Recordar puede ser un acto doloroso o profundamente reparador. En la adultez mayor, los recuerdos visitan con más frecuencia: una canción, una fotografía, una conversación breve… y de pronto, el corazón viaja hacia los días de infancia, los primeros amores, los hijos pequeños, los amigos que partieron. Es ahí donde la nostalgia aparece, envolviendo con ternura, pero también con cierta tristeza.
Sin embargo, la nostalgia no tiene que doler. Cuando se le mira desde la gratitud, se convierte en un homenaje a lo vivido. Lo que añoramos existió. Esa casa, ese abrazo, esa tarde de domingo, fueron reales. Qué bendición haberlos tenido. La gratitud le da a la memoria un tono amable, un color más cálido, un sentido de paz. Nos permite agradecer en lugar de lamentar.

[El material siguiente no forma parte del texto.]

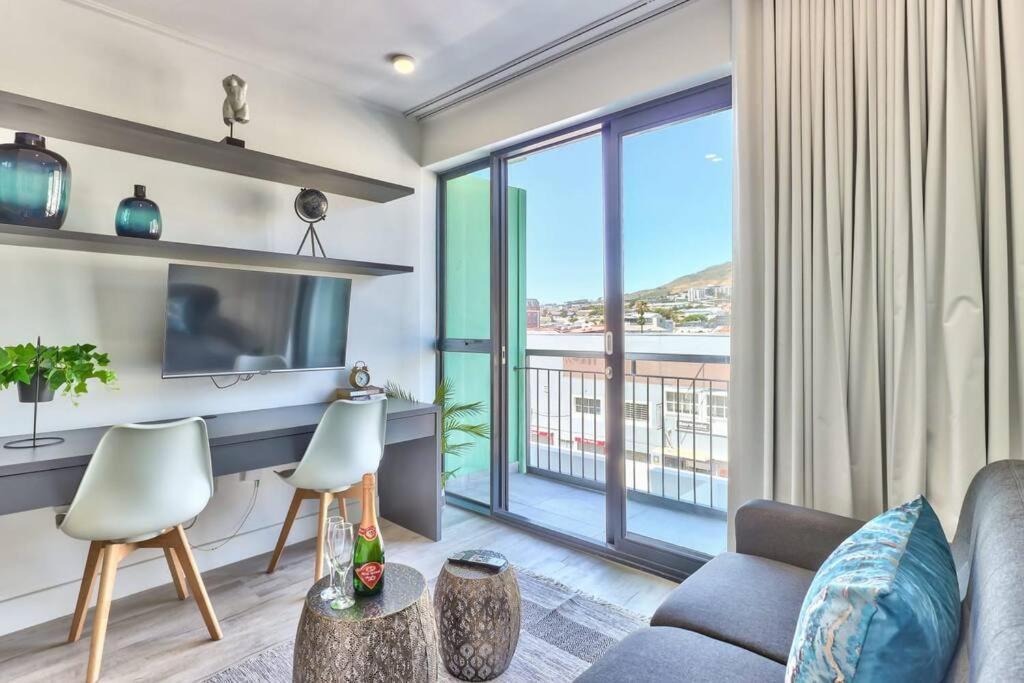 Apartment Arty Modern Design With Balcony And Pool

Transformar la nostalgia en gratitud es hacer las paces con el pasado. Es entender que lo que fue no necesita ser revivido para seguir siendo parte de nosotros. Lo que amamos, aunque ya no esté presente, puede seguir acompañándonos de forma serena si lo abrazamos con agradecimiento.
Cada vez que un recuerdo le haga temblar el alma, deténgase un momento. Respire. Y en lugar de decir “cómo duele no tenerlo”, diga: “qué dicha haberlo vivido”. Ese pequeño giro de pensamiento puede cambiar una lágrima de tristeza en una sonrisa suave. Y ese, en sí mismo, es un acto de sanación.